O povo que andava nas trevas viu uma grande luz

A frase do título, extraída do livro do profeta Isaías (Is 9,1), se presta não somente para este tempo do Advento, mas também serve de referência para o momento histórico que vive o Brasil. Densas nuvens, raios estrondosos e temporais imprevistos devastaram os alicerces da democracia em nosso país. Fortes trevas de autoritarismo, negacionismo e indiferença cobriram o céu azul desta Terra de Santa Cruz. 
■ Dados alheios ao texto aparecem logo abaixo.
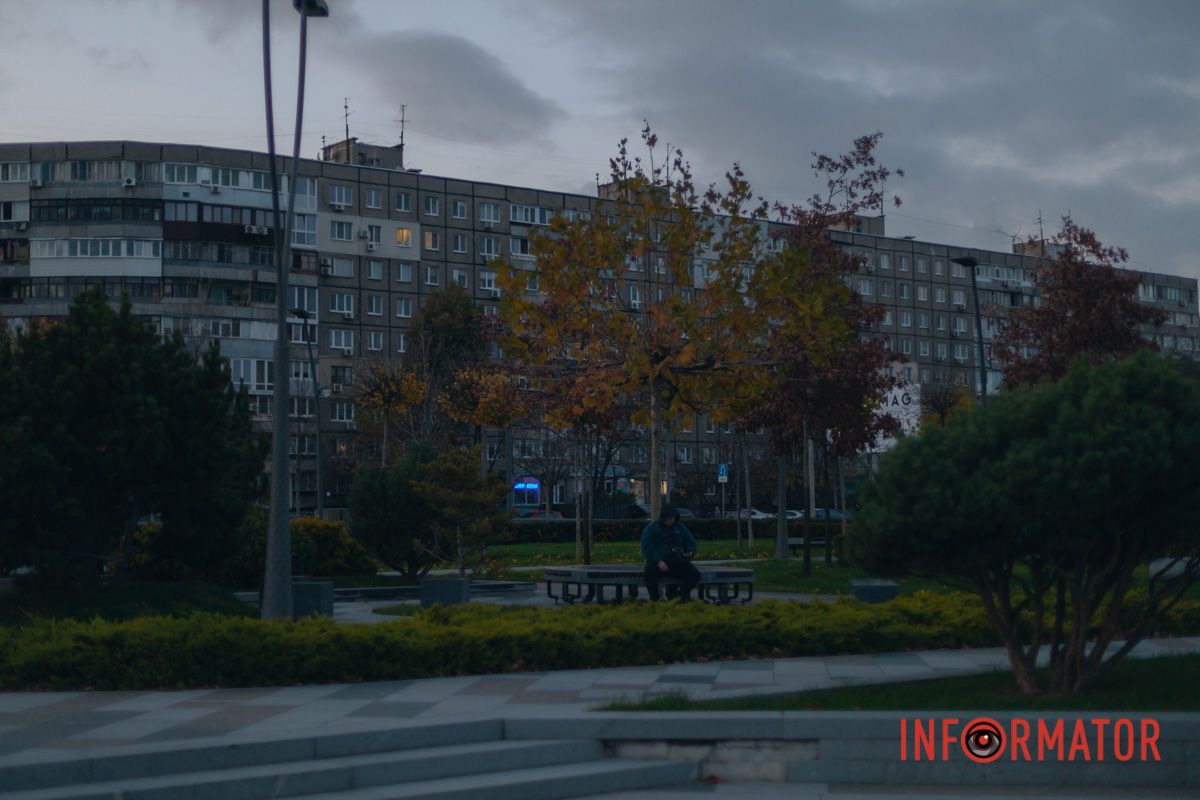 Одиноко горит свет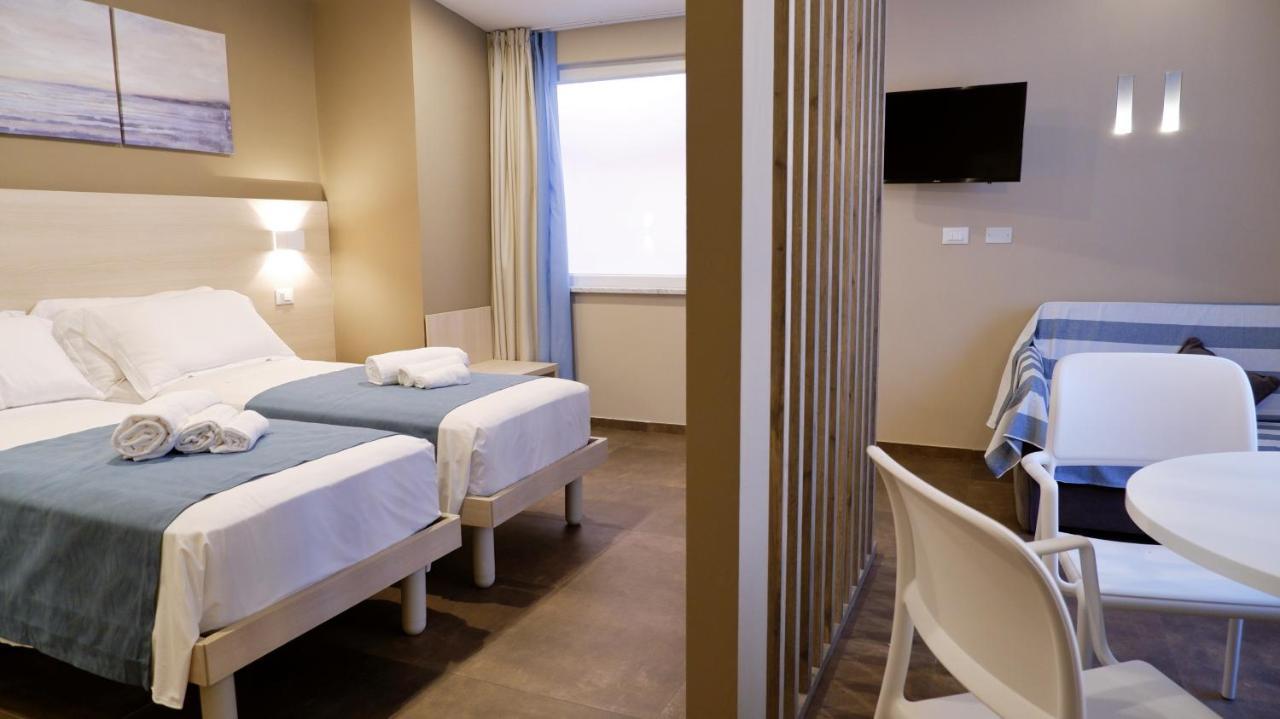 إمبيريا Pianomare Riviera Apartments And Rooms المظهر الخارجي الصورة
O Senhor da história, entretanto, jamais esquece a aliança com seu povo. Vê sua aflição, ouve seu clamor, conhece seu sofrimento e desce para libertá-lo, conduzindo-o “a uma terra onde corre leite e mel” (Ex 3,7-10; Dt 26,5-10). Os verbos ver, ouvir, conhecer e descer revelam um Deus atento, sensível e solidário, tanto com a escravidão no antigo Egito, quanto com a vida ameaçada dos pobres, excluídos e descartáveis de hoje. A Doutrina Social da Igreja (DSI), em geral, e o Papa Francisco, em particular, não se cansam de alertar para os direitos e a dignidade humana das pessoas indefesos, todos os “condenados da terra” (Frantz Fanon).

A partir das páginas bíblicas e dos princípios fundamentais da DSI, depreende-se que o clamor dos oprimidos chega até os céus. As feridas dos que sofrem são as feridas de Deus. O sofrimento dos indígenas, afro-brasileiros, quilombolas, desempregados, povo de rua, migrantes – enfim, dos sem terra, sem trabalho e sem teto – se escancarou e se agravou nos últimos anos, seja devido à pandemia da COVID-19, seja devido aos mandos e desmandos dos governos de extrema-direita.

O tempo de Advento, neste ano de 2022, coincide com a transição possível para novas formas de administrar a res publica, com respeito diante das instâncias democráticas e com a participação popular, e particularmente orientadas para as necessidades básicas da população de baixa renda. De fato, a dor, a fome e a solidão são três irmãs gêmeas, não podem esperar, exigem urgentes tomadas de decisão. A preparação do nascimento de Jesus nos convida a desenvolver todas as potencialidades do perdão, da reconciliação e da solidariedade, da justiça e da paz.

Não bastam, porém, as boas intenções. No texto de Isaías, a luz vence as trevas “porque quebraste a canga de suas cargas, a vara que batia em suas costas e o bastão do capataz de trabalhos forçados. Porque toda bota que pisa com barulho e toda capa empapada de sangue serão queimadas, devoradas pelas chamas” (Is 9,3-4). O Menino que nasce em Belém anuncia que os “sinais dos tempos” já se fazem sentir, o Reino dos Céus já está entre vós. Daí sua opção preferencial por aqueles que, do ponto de vista espiritual e do ponto de vista material, têm sua vida suspensa por um fio.

Basta ler os relatos evangélicos para se dar conta que a caravana de Jesus nunca ignora nem atropela quem pede socorro. O Natal é Boa-Nova e esperança para os pobres. O Mestre sempre se detém diante da dor e do sofrimento. Os casos são inúmeros: a mulher adúltera e aquela que sofria de fluxo de sangue, a mulher que perdera o filho e a outra sírio-fenícia, os leprosos e os cegos de nascença!… A parábola do Bom Samaritano dá testemunho disso. Somente o estrangeiro foi capaz de se deter diante do “caído” à beira da estrada e da vida. Expressa justamente a prática sociopastoral de Jesus, para o qual o clamor do abandonado é o clamor de Deus.

Padre Alfredo José Gonçalves, CS, pertence à Congregação dos Missionários de São Carlos (Scalabrinianos).